Democrats from Bill Clinton to Jasmine Crockett gushed over the job during the Democratic National Convention last summer. "When she was young, she worked at McDonald’s and she greeted every person with that thousand-watt smile and said, ‘How can I help you?’" Clinton gushed. "And now she’s at the pinnacle of power, and she is still asking, ‘How can I help you?’" Crockett, meanwhile, used the gig to bash Harris's opponent, Donald Trump: "One candidate worked at McDonald’s while she was in college at an HBCU," she said from the convention stage. "The other was born with a silver spoon in his mouth and helped his daddy in the family business."
The comments were part of a push from Team Harris to place Harris's alleged time under the Golden Arches at the center of the campaign. A Washington Free Beacon report that found zero evidence Harris worked for the fast food giant threw a wrench in that strategy. Trump began accusing Harris of embellishing her biography, a development that sent the Harris team into a tailspin, according to 2024: How Trump Retook the White House and the Democrats Lost America by journalists Josh Dawsey, Tyler Pager, and Isaac Arnsdorf.
Harris's aides "debated for weeks whether they should respond to Trump's attacks about McDonald's" and "spent weeks agonizing" about the decision, according to the book, which asserts without evidence that Harris worked at an Alameda, Calif., McDonald’s in the summer of 1983 for "two or three weeks."
Harris’s allegedly short stint on the job meant "most advisers didn't want to lean into her time at McDonald's, but it polled well," so Harris did it anyway.
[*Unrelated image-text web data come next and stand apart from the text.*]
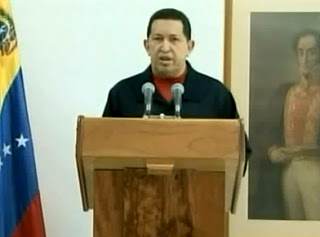 Por el cáncer, sube la popularidad de Hugo Chávez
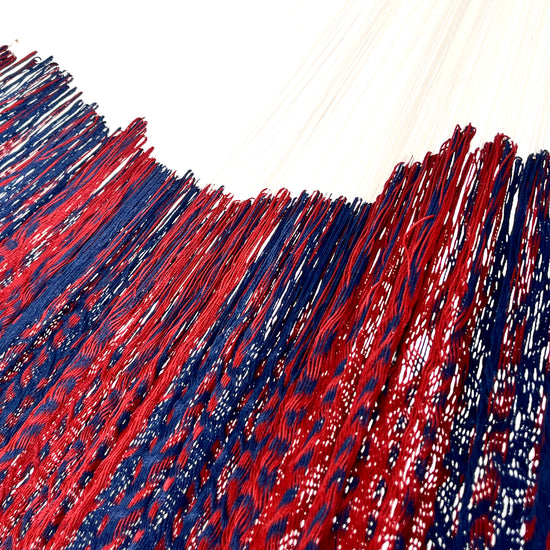 Unión entre cuerpo y brazo de hamaca artesanal Yucateca de nylon color azul y rojo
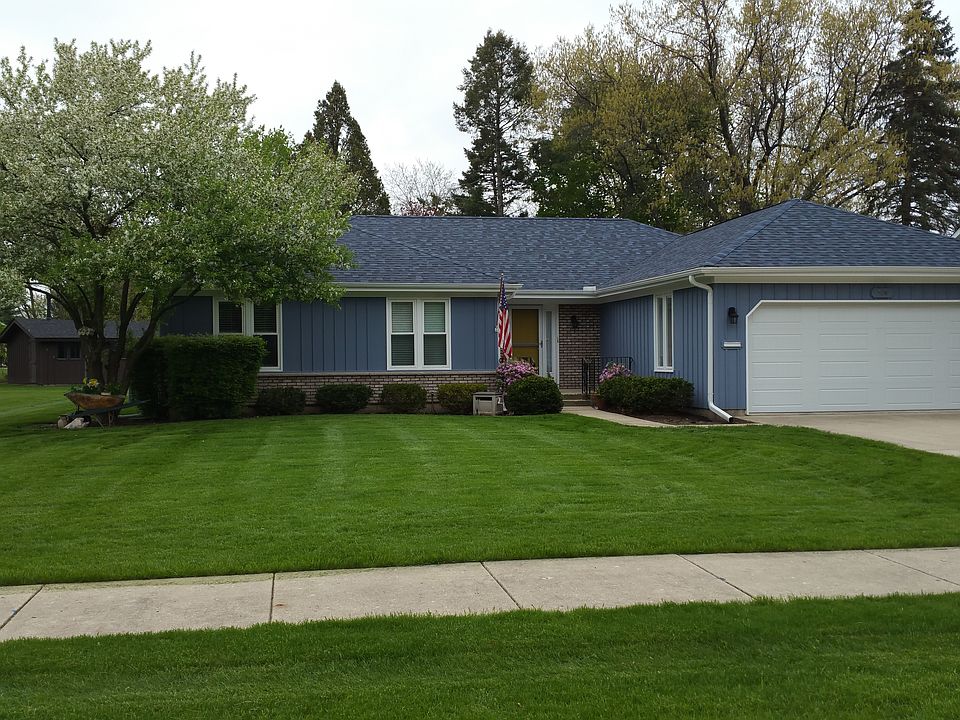 1st image of 526 Barrington Ave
At one point, the campaign caught wind "that at least one major mainstream news outlet was investigating" Harris's McDonald's employment, which caused "alarm inside the campaign."
That alarm was not on display at the Democratic convention, which occurred one week before the Free Beacon published its investigation.
"There are so many people who can see themselves in her. If you’re middle class, you can see yourself in Kamala Harris. If you worked in a McDonald’s, you can see yourself in Kamala Harris," Rep. Pramila Jayapal (D., Wash.) told ABC News while attending the convention.
When those claims came under scrutiny, media pundits defended Harris. The New York Times compared the Free Beacon McDonald's report to birtherism, while CNN's Brian Stelter called it "bewildering."
"Harris shared this and then a pro-Trump website started to talk about, 'Hey, is there evidence, is there proof she worked at McDonald’s, there’s no records, there’s no receipts,'" CNN’s Brian Stelter said in September. "I find that bewildering."